October
2015 marked the 50th anniversary of Nostra
Aetate, a seminal document that came out of Vatican II and set the course
for the formation of Roman Catholic identity and the place of missionary work moving
into the next century. While it was
communicated as a document on the relationship between Roman Catholics and
other religions, the primary focus was no doubt on a reconciliation of the
historically negative attitude towards Jews that had for too long been
reflected in Church teaching and politics.
Pope
John Paul II, building on Vatican II, made Judaism a special project of the
Roman Catholic Church, making such gestures as establishing ties with the State
of Israel and famously apologizing for the Holocaust. Following these cues, the
Church set out to establish newly imagined relationships, both with kindred
Christians and Jews, and one such experiment was my alma mater. Under the supervision of liberal Sulpician Roman
Catholicism, the Ecumenical Institute of Theology in Baltimore, MD was born in 1968
and became a place where Christians could come together for interdenominational
instruction, and where Jewish instructors, mostly rabbanim from neighboring communities, could float in and out to
teach as needed.
The
EI provided me with my first opportunity to engage Jewish intellectuals. As my
curiosity in Judaism grew beyond typical Christian interest in how Jewish
biblical literature supports and props up Christian revelation, I was
encouraged to enter Towson University’s Jewish Studies program in 2012 to pursue
a second master’s degree, where I am now currently in my fourth year, and
working on a thesis in approaches to Jewish theology.
But
looking back to my days at the EI from the perch of my more immersive
experience in Jewish Studies, Judaism didn’t appear to be the grand goal conceived
by an ecumenical and interfaith experiment, but remained largely a supplement,
there for the exploitation of Christian understanding. I feel this all the more strongly now, after
what little I have so far learned about Rabbinics, Orthodoxy, Reform,
Conservative, and Reconstructionism, not to mention every other shade of
Judaism along the way. Looking back, I
have regrets about what I would have liked to have learned about Judaism at my
alma mater before becoming entrenched in Judaism (to the extent that an
outsider can be entrenched), and this brings me to my point: Christian programs participating in
interfaith dialogue can do a much better job of letting their spiritual
progenitor speak for itself.
No
doubt there are places that do interfaith dialogue better than others, and I
don’t want to paint every effort with the same brush. Yet even where interfaith dialogue succeeds,
it is also prone to extremes, where the more dominant religion, recognizing historically
oppressive tendencies, gives up its voice completely. So for institutions of Christian learning
interested in Judaism, I have a few practical points that may help bridge the
gap between words and actions. The first is making a concerted effort to remove
the phrase “Old Testament” from theological settings and move to a more appropriate
use of the term “Jewish Bible.” There is nothing particularly radical about
this desire, and it bodes with the spirit of Vatican II that was meant to
restore the dignity of Judaism. But without giving Judaism the right to
self-determination, it cannot be thought to control its own destiny. I don’t think
this change requires Christians to give up their claim of special revelation,
and what is gained is a defense against oversimplifying the Jewish Bible as a bridge
to a destination that always has Christianity on the horizon. Changes like this
will no doubt be resisted in more conservative settings. But in programs that
have already accepted critically informed changes, the label “Old Testament”

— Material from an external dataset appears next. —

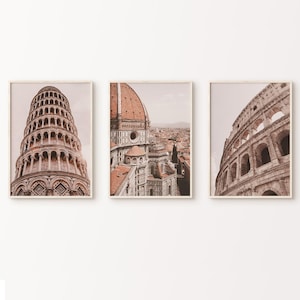 Italy DIGITAL Prints, Italy Print Set of 3, Rome Wall Art, Italy Architecture Print, Florence Photography Print, Europe Travel Poster Set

has curiously survived the culture wars.
An
immediate effect of this change might unleash the potential of Jewish
professors teaching at Christian confessional institutions. If any program
aligning itself to the motivations behind Vatican II accepts that conversion is
not just a formal interaction but is heavily influenced by indirect
environmental factors then it follows that teaching the Old Testament as the
Jewish Bible reduces the oppressive overtones of Supercessionism. The name of
the Jewish Bible has never been a matter of Christian doctrine, but at this
critical stage in history, it is a matter of good neighborliness. It is difficult to suggest as some read Nostra Aetate that Jews are co-equals in
salvation and at the same time diminish their scriptures by treating it as
supplemental material. We should challenge any tradition that enshrines a thread
of interpretation that for many Vatican II Catholics does not resonate.
A
second point is a greater focus in Christian theological programs on Judaism as
a comprehensive movement with a vast body of literature and not as a one-trick-pony
whose identity is only conceived through the bible. Not only does this diminish
a tradition that for all its brilliance spans biblical, Rabbinic, and modern
trajectories, but it creates a classification for Jewish literature that it
does not acknowledge; namely, that the closed canon experience of Christians is
the same for Jews. During my time at the
EI, there was one requirement for a World Religions course. Yet, in the
mandatory survey courses related to the Bible, the Old Testament label was
still firmly affixed. So despite those times when we looked at “appearances of
Jesus in the Old Testament” using the critical tools of biblical scholarship,
confessionalism found other entry points.
While
many Christians are used to living in the uncomfortable tension between
doctrine and ethos cultivated by the
Roman Catholic Church, I echo J. J. Goldberg’s opinion (http://forward.com/opinion/327449/what-everyones-getting-wrong-about-that-vatican-memo-on-converting-jews/)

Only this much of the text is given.